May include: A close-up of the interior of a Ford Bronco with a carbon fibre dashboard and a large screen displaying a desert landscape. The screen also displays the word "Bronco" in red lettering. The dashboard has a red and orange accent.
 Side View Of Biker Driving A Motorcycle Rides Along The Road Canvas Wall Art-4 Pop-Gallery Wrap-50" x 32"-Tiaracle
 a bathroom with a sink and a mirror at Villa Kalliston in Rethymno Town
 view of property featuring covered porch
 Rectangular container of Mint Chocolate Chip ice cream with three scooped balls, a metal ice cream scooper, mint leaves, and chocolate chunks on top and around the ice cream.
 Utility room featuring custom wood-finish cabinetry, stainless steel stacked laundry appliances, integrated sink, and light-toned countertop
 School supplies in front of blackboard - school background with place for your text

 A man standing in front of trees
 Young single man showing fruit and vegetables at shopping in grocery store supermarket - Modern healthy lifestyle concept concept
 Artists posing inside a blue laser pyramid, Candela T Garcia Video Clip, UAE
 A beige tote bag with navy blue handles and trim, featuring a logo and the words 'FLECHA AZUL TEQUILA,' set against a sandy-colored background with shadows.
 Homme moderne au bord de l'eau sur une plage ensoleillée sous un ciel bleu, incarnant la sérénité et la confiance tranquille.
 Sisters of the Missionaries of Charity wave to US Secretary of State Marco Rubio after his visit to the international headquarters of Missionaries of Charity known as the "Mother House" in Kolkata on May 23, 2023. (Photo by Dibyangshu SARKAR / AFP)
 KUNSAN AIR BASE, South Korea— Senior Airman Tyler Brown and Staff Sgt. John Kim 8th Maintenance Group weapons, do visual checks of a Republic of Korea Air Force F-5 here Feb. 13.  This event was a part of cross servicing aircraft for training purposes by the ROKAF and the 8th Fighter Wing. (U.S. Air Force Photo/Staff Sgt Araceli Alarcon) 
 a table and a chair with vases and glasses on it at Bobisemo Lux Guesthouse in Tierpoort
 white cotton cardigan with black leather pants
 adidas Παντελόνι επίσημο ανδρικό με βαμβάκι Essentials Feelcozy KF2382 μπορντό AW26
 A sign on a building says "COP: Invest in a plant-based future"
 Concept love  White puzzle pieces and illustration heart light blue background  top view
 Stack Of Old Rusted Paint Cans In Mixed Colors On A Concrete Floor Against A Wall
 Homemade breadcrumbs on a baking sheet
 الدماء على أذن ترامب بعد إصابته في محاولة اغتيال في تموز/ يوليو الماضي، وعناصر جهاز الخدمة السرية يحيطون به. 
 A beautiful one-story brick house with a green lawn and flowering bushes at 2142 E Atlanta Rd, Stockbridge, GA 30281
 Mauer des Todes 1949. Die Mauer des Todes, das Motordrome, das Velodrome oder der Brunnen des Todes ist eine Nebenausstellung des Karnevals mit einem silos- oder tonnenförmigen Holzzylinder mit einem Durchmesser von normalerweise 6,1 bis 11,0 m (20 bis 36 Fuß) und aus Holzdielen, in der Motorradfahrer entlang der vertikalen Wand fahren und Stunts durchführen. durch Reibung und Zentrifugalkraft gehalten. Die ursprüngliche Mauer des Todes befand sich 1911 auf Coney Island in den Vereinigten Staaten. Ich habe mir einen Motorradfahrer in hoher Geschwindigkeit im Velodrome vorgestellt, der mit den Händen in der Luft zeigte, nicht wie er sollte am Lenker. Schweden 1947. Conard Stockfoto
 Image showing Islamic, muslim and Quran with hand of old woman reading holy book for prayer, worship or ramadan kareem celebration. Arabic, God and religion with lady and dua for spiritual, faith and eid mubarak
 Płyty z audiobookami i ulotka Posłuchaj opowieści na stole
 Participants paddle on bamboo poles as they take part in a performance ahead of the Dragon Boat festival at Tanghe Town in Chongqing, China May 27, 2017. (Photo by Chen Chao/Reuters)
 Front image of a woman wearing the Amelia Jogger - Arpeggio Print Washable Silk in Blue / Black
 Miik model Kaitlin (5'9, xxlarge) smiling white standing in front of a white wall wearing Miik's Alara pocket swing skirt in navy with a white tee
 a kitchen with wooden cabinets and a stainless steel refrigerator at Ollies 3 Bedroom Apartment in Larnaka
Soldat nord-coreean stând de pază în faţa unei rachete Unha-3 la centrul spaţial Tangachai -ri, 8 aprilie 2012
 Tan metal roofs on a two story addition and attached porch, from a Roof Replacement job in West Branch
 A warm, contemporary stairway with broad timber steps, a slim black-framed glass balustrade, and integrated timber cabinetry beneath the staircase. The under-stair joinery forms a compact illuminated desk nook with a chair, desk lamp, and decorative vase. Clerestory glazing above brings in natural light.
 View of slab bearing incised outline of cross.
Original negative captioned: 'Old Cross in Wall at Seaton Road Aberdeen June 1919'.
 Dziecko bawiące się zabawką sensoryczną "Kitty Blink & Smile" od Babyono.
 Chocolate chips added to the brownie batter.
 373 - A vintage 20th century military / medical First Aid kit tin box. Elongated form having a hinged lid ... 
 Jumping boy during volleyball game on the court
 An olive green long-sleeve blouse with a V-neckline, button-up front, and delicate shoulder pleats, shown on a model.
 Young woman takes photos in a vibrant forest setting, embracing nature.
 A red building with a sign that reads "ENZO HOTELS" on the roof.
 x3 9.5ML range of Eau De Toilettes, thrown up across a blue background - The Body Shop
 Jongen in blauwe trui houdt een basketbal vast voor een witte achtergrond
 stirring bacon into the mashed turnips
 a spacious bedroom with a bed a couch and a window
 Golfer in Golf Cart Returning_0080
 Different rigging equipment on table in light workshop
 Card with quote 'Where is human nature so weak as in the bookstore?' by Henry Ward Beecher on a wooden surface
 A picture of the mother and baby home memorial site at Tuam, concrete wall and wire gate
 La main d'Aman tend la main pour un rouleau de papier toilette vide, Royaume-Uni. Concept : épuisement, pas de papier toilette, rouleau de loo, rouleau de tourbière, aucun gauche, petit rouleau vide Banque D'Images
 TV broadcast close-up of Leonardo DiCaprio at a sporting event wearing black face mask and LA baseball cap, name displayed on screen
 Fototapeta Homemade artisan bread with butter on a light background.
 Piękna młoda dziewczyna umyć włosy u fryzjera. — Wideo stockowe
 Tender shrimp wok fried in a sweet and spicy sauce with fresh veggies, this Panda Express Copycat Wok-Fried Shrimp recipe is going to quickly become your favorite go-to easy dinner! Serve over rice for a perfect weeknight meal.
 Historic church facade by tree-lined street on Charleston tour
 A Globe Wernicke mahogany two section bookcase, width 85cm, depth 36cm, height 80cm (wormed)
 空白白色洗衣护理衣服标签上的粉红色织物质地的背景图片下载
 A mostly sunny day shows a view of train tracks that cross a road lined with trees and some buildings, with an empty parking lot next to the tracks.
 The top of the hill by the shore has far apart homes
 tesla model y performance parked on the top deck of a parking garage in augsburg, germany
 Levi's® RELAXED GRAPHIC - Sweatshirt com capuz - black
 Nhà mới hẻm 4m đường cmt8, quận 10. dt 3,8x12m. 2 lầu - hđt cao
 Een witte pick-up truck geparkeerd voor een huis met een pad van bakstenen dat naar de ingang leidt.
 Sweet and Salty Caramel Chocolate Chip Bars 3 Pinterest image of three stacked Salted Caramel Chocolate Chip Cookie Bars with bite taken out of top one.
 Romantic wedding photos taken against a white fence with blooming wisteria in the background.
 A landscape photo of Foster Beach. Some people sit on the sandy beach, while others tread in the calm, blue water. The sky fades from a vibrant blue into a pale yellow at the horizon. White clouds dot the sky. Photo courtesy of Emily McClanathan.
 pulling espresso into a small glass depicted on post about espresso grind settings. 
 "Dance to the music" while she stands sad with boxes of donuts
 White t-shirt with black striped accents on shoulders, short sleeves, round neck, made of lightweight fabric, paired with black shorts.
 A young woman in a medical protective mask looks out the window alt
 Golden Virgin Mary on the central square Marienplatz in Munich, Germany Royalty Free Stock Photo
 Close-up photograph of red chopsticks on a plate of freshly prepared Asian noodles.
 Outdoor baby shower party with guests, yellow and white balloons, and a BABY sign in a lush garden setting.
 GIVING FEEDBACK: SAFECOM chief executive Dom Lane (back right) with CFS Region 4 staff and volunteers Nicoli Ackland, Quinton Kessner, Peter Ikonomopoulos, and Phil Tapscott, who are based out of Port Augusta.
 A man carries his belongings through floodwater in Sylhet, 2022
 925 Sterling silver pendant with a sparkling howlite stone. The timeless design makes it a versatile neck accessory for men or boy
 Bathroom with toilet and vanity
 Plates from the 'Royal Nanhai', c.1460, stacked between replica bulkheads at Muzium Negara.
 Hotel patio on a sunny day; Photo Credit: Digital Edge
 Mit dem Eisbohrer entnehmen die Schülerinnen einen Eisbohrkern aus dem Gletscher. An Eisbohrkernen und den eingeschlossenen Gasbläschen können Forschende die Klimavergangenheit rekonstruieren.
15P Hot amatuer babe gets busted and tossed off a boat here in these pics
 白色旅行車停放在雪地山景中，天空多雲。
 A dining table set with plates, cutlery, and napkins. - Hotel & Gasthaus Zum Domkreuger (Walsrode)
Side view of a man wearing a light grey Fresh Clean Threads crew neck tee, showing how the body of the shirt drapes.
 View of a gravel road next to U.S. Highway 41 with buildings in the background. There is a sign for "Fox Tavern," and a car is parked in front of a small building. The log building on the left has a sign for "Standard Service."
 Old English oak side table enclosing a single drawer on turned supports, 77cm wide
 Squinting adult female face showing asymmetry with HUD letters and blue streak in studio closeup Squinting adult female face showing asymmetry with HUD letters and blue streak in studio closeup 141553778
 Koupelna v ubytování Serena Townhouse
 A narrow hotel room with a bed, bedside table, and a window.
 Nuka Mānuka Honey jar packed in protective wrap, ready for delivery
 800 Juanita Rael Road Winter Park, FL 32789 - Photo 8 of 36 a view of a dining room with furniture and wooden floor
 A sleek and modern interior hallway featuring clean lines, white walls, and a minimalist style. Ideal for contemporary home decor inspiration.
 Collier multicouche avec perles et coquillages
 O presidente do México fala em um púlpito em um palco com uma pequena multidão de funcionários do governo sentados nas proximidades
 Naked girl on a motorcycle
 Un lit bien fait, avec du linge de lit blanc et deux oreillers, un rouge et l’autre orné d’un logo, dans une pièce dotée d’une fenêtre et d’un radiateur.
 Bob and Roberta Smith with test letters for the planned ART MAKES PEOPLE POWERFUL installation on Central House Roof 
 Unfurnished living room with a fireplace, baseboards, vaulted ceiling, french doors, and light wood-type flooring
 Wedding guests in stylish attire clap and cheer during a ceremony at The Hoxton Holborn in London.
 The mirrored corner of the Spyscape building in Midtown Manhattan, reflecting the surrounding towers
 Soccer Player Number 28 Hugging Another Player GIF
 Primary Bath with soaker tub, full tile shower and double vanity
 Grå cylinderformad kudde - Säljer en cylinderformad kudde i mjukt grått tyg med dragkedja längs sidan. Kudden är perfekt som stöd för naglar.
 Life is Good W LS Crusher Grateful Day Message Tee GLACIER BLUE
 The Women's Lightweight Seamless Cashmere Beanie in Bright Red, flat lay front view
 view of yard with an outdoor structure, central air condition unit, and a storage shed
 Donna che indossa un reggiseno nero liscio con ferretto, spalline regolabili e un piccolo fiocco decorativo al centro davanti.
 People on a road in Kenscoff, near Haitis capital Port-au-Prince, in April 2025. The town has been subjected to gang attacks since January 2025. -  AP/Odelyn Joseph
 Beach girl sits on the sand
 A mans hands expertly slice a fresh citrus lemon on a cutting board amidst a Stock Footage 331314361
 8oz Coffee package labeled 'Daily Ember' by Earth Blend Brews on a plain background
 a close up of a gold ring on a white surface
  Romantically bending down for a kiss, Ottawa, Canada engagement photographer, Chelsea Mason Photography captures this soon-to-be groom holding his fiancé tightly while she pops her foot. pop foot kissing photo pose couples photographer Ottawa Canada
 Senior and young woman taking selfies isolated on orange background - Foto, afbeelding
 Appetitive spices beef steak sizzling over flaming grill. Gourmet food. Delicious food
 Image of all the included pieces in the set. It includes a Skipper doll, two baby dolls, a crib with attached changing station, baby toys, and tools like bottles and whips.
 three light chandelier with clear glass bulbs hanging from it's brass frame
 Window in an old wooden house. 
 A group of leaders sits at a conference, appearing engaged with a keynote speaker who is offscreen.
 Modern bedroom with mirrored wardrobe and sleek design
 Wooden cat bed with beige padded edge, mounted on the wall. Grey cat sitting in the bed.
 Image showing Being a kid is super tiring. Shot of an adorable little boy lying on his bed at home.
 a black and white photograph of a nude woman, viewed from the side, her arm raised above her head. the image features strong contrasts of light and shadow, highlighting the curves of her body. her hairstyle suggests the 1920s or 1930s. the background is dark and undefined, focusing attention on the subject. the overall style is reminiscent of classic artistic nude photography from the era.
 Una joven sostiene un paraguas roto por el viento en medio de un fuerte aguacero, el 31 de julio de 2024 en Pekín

**Problem statement:** Within the entries, find all lines holding "photos" and copy each one.

**Response to this task:**
 Young woman takes photos in a vibrant forest setting, embracing nature.
 Romantic wedding photos taken against a white fence with blooming wisteria in the background.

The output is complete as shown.